Anche Emmanuel Grégoire, vicesindaco socialista di Parigi, ha condannato duramente i fatti su X, dichiarando che “non è accettabile che le condizioni” imposte dalla delegazione “possano essere tollerate”, e confermando che un’inchiesta amministrativa sarà “avviata nel più breve tempo possibile”.
Nous comprenons les préoccupations exprimées et les prenons très au sérieux.
Compte tenu de la taille de notre délégation, la visite a été organisée en coordination avec les équipes de la tour Eiffel, au début des horaires habituels d’ouverture, afin de limiter autant que… pic.twitter.com/gyiwzmh6Jv
— BAPS Mandir Swaminarayan Hindou de Paris (@BAPSParis) September 7, 2026
Le ragioni del gruppo Baps e le scuse ufficiali
La Bochasanwasi Akshar Purushottam Swaminarayan Sanstha (Baps) è un’organizzazione induista globale nata nello stato indiano del Gujarat. Una delle sue caratteristiche distintive, in particolare per quanto riguarda i monaci ordinati (swami), consiste in una disciplina monastica rigida che prescrive una netta separazione fisica dai membri del sesso opposto, intesa come pratica di autocontrollo e celibato. Tuttavia, studiosi e analisti sottolineano come tale condotta appartenga esclusivamente al percorso monastico personale e non debba essere imposta ai contesti civili e pubblici, dove i membri laici della comunità cooperano ordinariamente senza operare discriminazioni di genere.

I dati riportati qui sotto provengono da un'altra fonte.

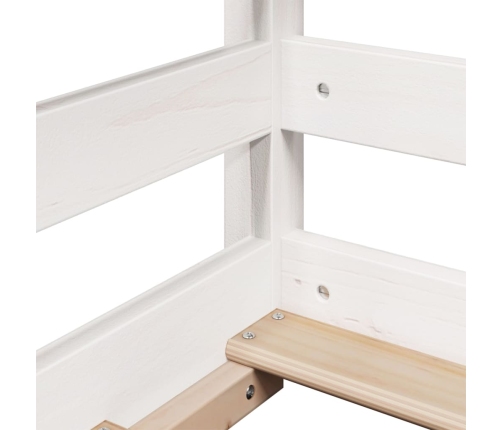 Cama alta con techo madera maciza de pino blanco 80x200 cm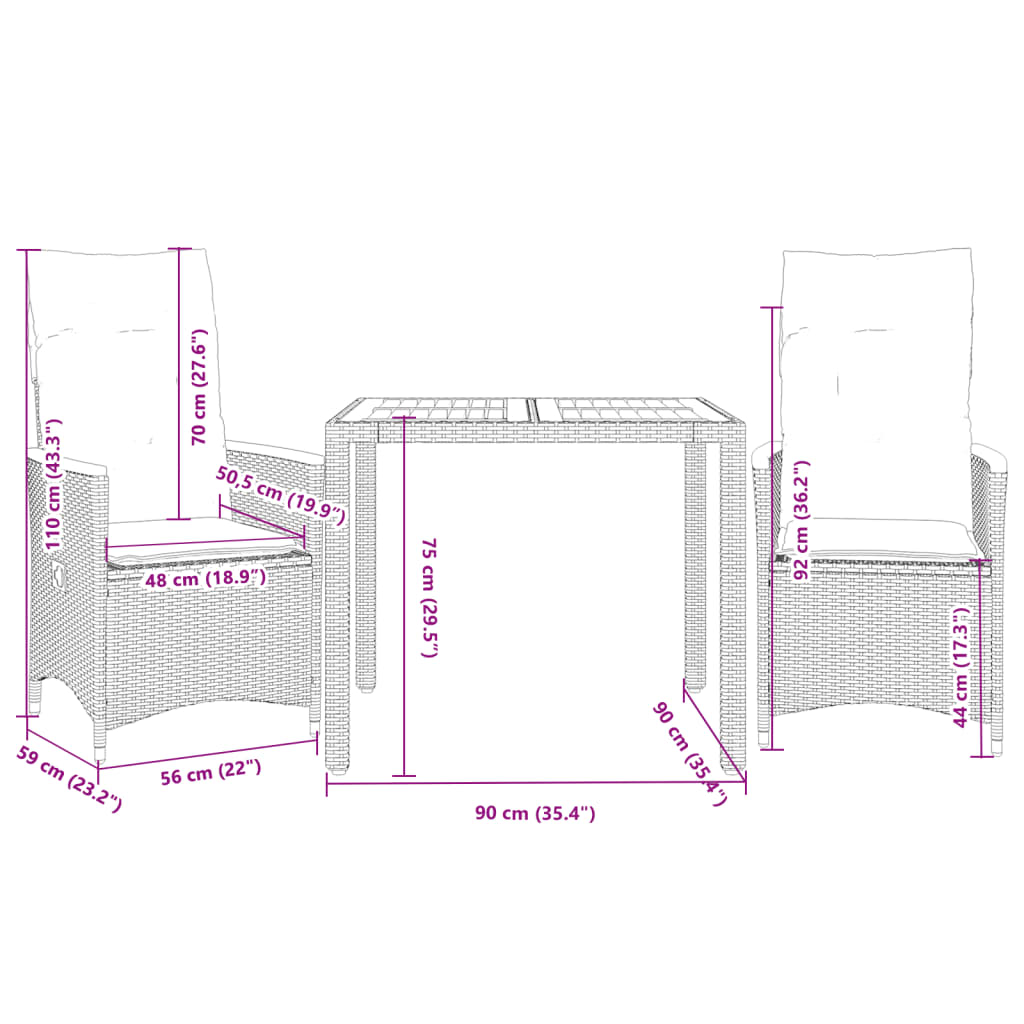 3-delige Bistroset met kussens poly rattan zwart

Nel comunicato diffuso su X, il ramo parigino della Baps ha formulato le scuse formali pur cercando di ridimensionare la portata dei fatti: “A nostra conoscenza, in nessun momento l’accesso alla Tour Eiffel è stato negato a nessuno”, ha spiegato l’organizzazione, precisando di aver coordinato il tour con il personale della torre proprio nelle prime ore del mattino per evitare di recare intralcio ai flussi turistici standard. Baps ha comunque concluso porgendo “sincere scuse a chiunque possa essere stato ferito o infastidito da questa situazione”, richiamando l’adesione a valori universali di rispetto e servizio sociale.
Il danno d’immagine, però, c’è stato. E l’eco risuona in tutta Europa, perché sotto il profilo della tutela dell’equità, dell’inclusione e della dignità delle persone all’interno di un’organizzazione, il caso della Tour Eiffel rappresenta un fallimento metodologico ed etico. Accettare richieste escludenti da parte di attori esterni per motivi commerciali, religiosi o culturali sacrifica la dignità dei lavoratori e mina alla base la fiducia reciproca nell’ambiente di lavoro, oltre a generare pesanti ripercussioni d’immagine e perdite operative concrete dovute ai legittimi scioperi del personale.